··· Records for the task ···
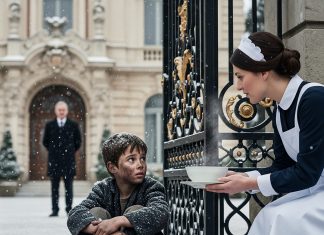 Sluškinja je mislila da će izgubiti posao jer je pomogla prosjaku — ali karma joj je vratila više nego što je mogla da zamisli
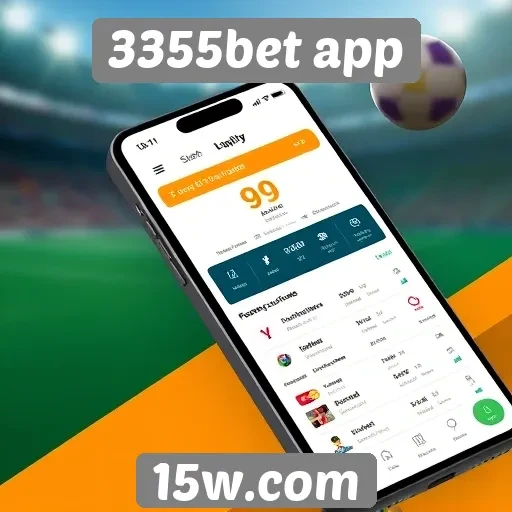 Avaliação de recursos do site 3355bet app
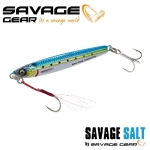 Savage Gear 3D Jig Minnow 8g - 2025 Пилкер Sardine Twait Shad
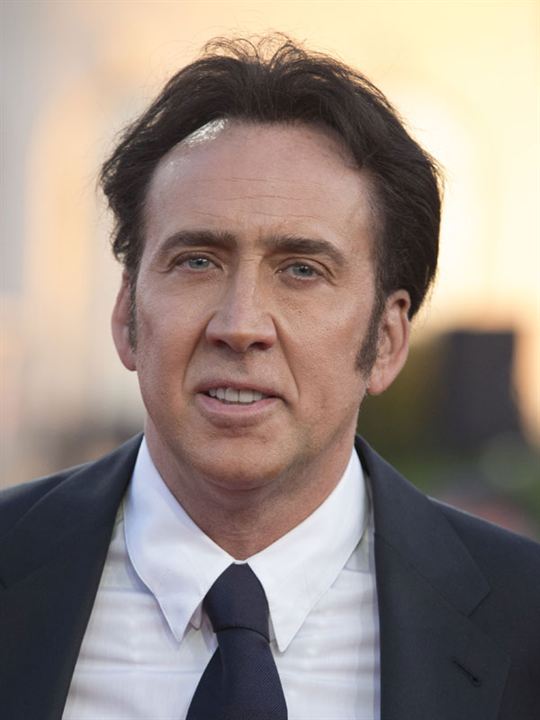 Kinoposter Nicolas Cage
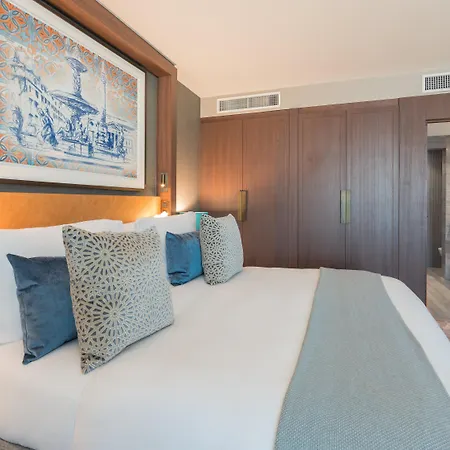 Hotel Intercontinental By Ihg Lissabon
···
Activity: Please write out the whole listing exactly, but not the pictures in it.

Worked solution:
 Sluškinja je mislila da će izgubiti posao jer je pomogla prosjaku — ali karma joj je vratila više nego što je mogla da zamisli
 Avaliação de recursos do site 3355bet app
 Savage Gear 3D Jig Minnow 8g - 2025 Пилкер Sardine Twait Shad
 Kinoposter Nicolas Cage
 Hotel Intercontinental By Ihg Lissabon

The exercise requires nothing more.